Due giorni di terrore. Due giorni di sangue.
Affiorano brutali storie di esecuzioni di ostaggi, costretti a ripetere il corano. Chi non lo sa, viene ucciso. Sessantasette morti e 175 feriti nel massacro al centro commerciale di Westgate, Mall a Nairobi, in Kenya, nel settembre 2013.
Un assalto rivendicato dalle milizie somale di Al-Shabaab, legate ad Al-Qaeda, i talebani della Somalia.
L’attentato terroristico più sanguinoso, dopo l’attacco all’ambasciata americana della capitale keniota nel 1998. I ribelli fanno fuoco sui civili. Il centro commerciale, simbolo del capitalismo occidentale, viene scelto dal gruppo armato per colpire il cuore istituzionale del Paese. Ricostruiamo i fatti con Rita Caparra, sopravvissuta all’assalto del West Gate.

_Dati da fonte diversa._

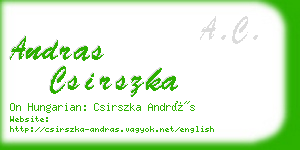 andras csirszka business card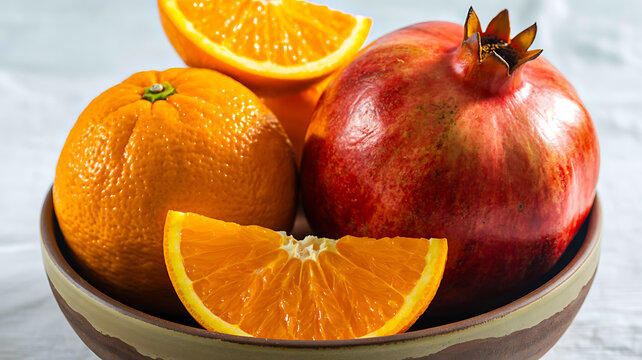 Fresh oranges and pomegranate in rustic bowl on light background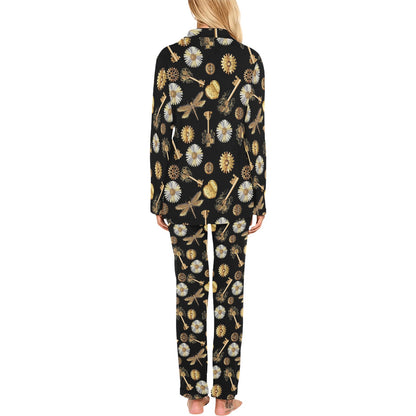 Steampunk Dragonfly Design Themed Print Women's Long Pajama Set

Quando sono arrivate le prime raffiche di mitra, lei è al secondo piano dell’edificio. E’ rimasta per ore incollata al pavimento, nascosta in un camerino insieme ad altri ostaggi. L’ho raggiunta al telefono, alla vigilia del suo ritorno in Africa, dove da anni fa attività di volontariato come fisioterapista per l’Istituto Missionari della Consolata. Non ha mai smesso, neppure dopo l’esperienza del West Gate. Rita, in lingua swahili, Nyawira, cioè colei che lavora e opera in terra di missione. Un desiderio nato in lei, da bambina.